## EXERCISE DIRECTIONS
Copy, from the data below, every line that has "Black" in it.

## PROVIDED RECORDS
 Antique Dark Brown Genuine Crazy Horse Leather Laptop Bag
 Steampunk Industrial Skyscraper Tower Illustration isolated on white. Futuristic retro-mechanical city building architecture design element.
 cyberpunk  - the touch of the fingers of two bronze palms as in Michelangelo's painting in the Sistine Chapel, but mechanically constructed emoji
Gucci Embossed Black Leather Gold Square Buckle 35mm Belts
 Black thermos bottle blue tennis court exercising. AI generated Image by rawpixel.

==

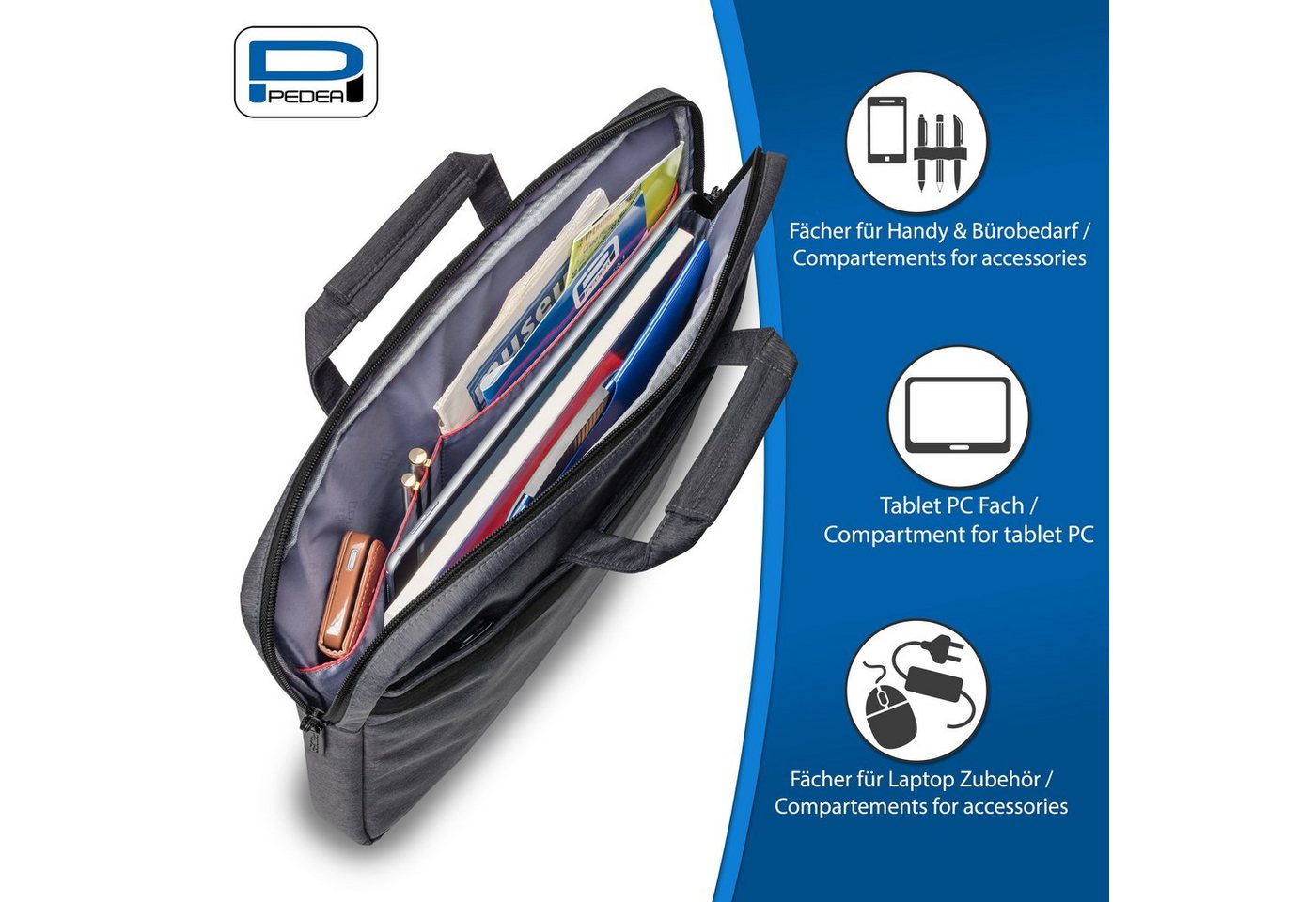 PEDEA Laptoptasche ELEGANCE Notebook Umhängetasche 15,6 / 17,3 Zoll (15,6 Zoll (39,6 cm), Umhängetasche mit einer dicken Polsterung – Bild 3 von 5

## TASK ANSWER
Gucci Embossed Black Leather Gold Square Buckle 35mm Belts
 Black thermos bottle blue tennis court exercising. AI generated Image by rawpixel.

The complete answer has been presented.